WHAT IS REQUIRED: Your answer should be one number, the count of lines in the data that hold "Happy".
※
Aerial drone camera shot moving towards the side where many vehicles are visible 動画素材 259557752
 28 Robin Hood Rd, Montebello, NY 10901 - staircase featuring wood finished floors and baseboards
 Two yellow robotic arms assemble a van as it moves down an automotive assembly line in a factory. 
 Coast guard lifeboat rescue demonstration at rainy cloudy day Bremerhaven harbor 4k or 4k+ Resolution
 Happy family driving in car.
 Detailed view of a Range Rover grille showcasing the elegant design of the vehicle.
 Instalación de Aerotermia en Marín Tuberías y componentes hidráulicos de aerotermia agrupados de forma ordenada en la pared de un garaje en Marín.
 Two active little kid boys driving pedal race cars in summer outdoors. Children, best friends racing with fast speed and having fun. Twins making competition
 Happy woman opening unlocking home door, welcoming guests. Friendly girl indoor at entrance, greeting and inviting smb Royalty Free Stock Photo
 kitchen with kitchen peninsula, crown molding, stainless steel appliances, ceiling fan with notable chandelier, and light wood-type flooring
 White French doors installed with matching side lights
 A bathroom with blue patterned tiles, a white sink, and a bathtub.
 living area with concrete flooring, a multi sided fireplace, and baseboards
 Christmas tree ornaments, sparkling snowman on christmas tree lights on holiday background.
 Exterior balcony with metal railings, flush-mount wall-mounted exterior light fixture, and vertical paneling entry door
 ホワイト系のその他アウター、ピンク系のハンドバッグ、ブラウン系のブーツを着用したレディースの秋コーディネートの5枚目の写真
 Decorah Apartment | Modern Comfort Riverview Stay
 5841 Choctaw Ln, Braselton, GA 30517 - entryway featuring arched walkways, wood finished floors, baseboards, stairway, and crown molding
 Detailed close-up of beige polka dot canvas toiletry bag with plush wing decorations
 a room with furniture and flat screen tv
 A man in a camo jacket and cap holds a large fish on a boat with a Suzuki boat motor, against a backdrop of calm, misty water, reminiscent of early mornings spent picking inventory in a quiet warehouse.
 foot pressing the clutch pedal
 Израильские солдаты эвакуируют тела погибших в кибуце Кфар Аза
※
SOLUTION: 2